J'aimerais que tout le monde puisse manger bio et bon. Ce n'est pas parce qu'on est pauvre qu'on doit manger de la merde !

Cette diversité qu'elle est venue chercher dans une ville qu'elle décrit « humainement très riche », elle l'a retrouvée aux contacts de ces « minots » qui viennent découvrir – souvent pour la première fois – l'exploitation laitière et apprendre le travail à la ferme autour de différentes activités.

On envoie un message positif et on montre que l'on peut faire des choses différentes dans un quartier, aussi sensible qu'on le prétend être.

Des vaches et des chèvres pour voir au-delà des barres, c'est l'objectif de Marie.

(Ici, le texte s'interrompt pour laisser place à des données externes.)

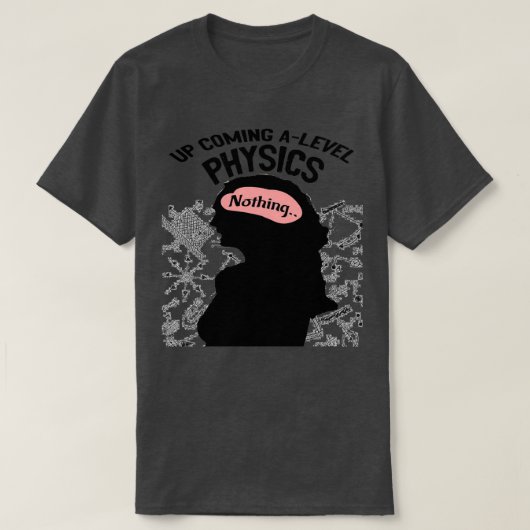ALevel Physics up Coming Design T-Shirt (Design vorne)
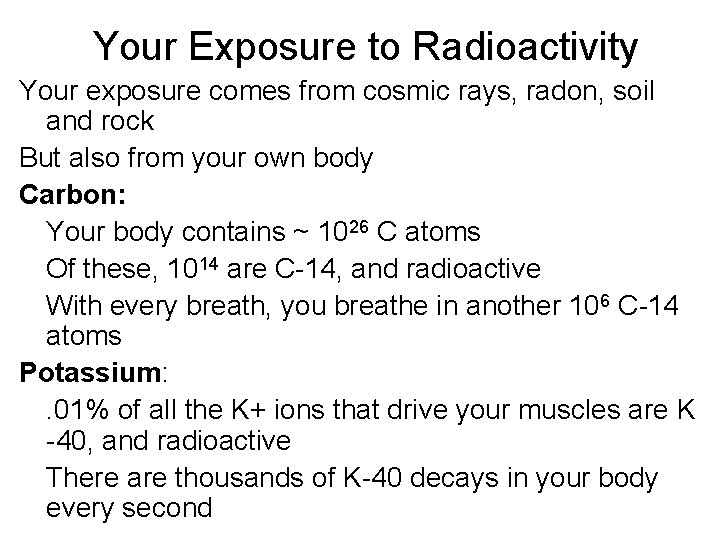 Your Exposure to Radioactivity Your exposure comes from cosmic rays, radon, soil and rock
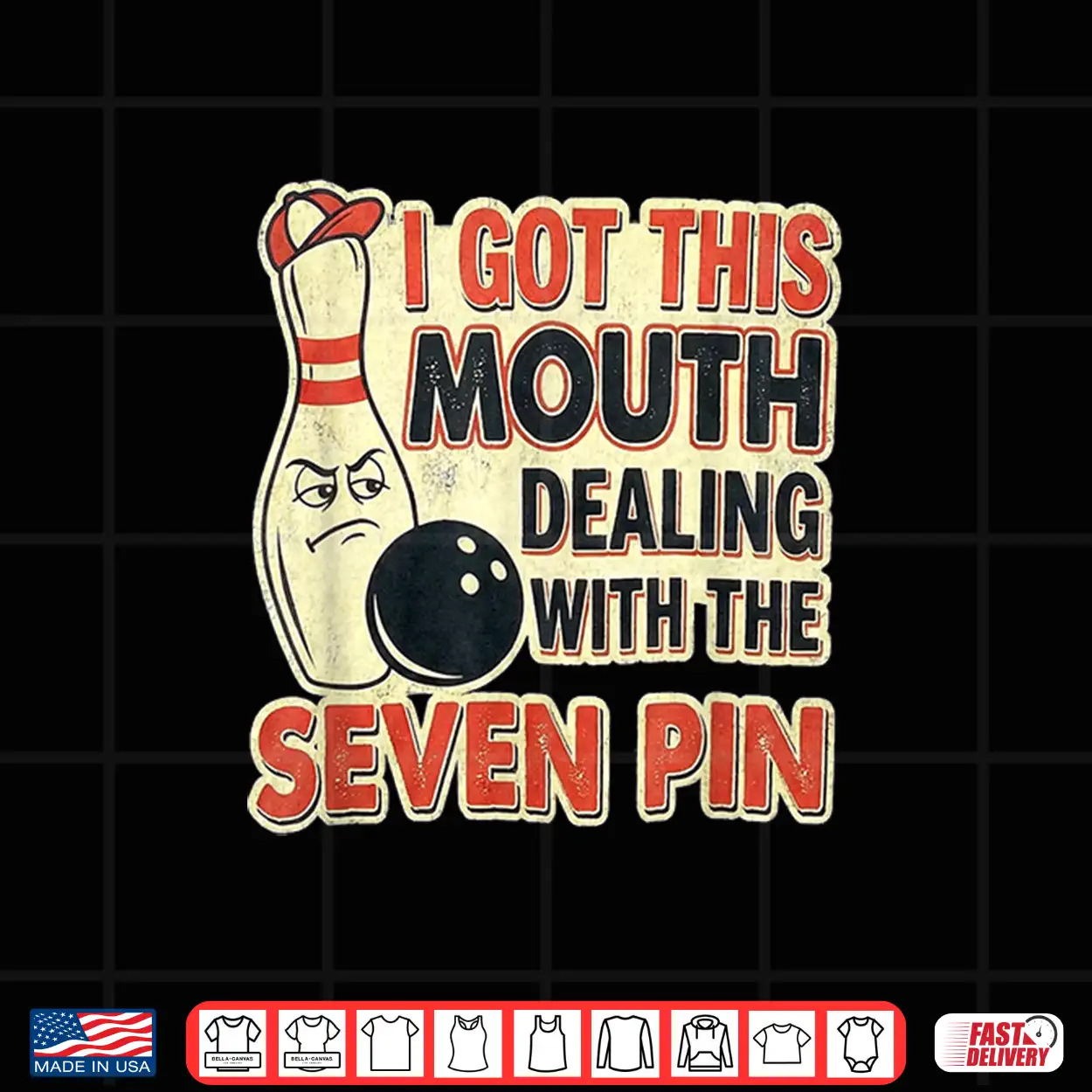 I Got This Mouth Dealing With Seven Pin League Team Bowling Shirt I Got This Mouth Dealing With Seven Pin League Team Bowling Shirt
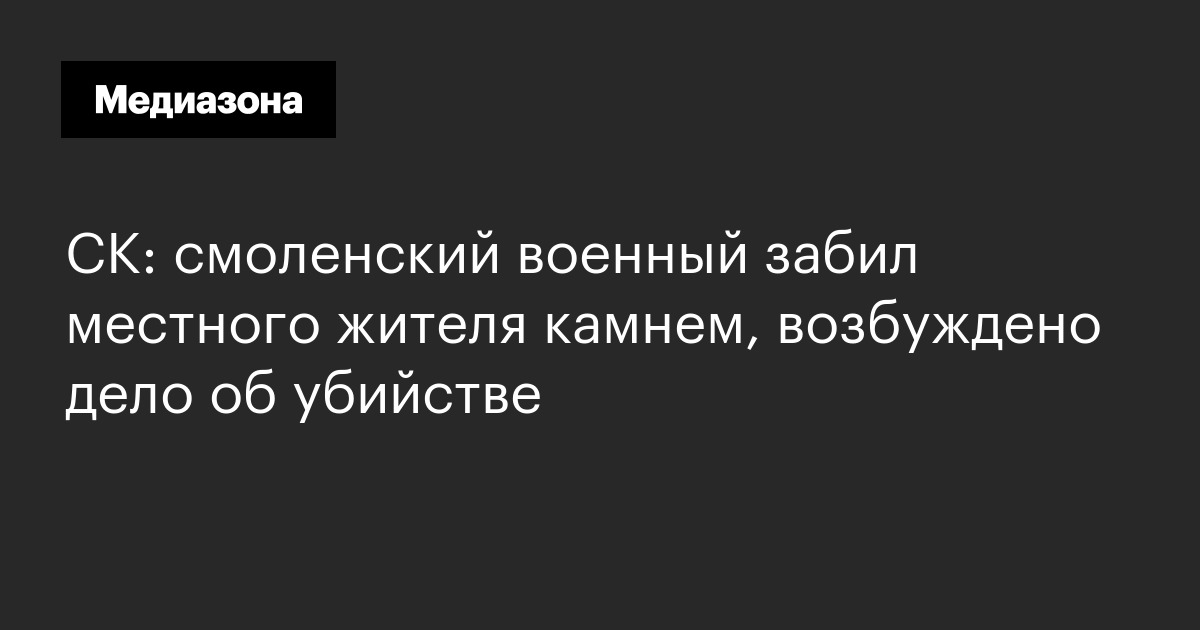 СК: смоленский военный забил местного жителя камнем, возбуждено дело об убийстве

« Cette ferme est là pour les enfants ! Je veux leur montrer qu'il y a autre chose que du béton au pied de chez eux. Mais ici, ça reste une vraie ferme avec de la production, je ne veux pas en faire un zoo où tout le monde viendrait voir des animaux confinés ! » Dans ce petit poumon vert, Marie tente de redonner un souffle à ce quartier et montrer au reste de la ville qu'il est possible de faire passer un message positif et de redorer ces arrondissements souvent montrés du doigt. Un retour à la nature et aux valeurs simples pour sortir d'un quotidien parfois un peu lourd : « Ils repartent de chez moi en ayant découvert qu'on peut manger différemment. J'aimerais que tout le monde puisse manger bio et bon. Ce n'est pas parce qu'on est pauvre qu'on doit manger de la merde ! D'ailleurs, les bobos riches m'emmerdent ! »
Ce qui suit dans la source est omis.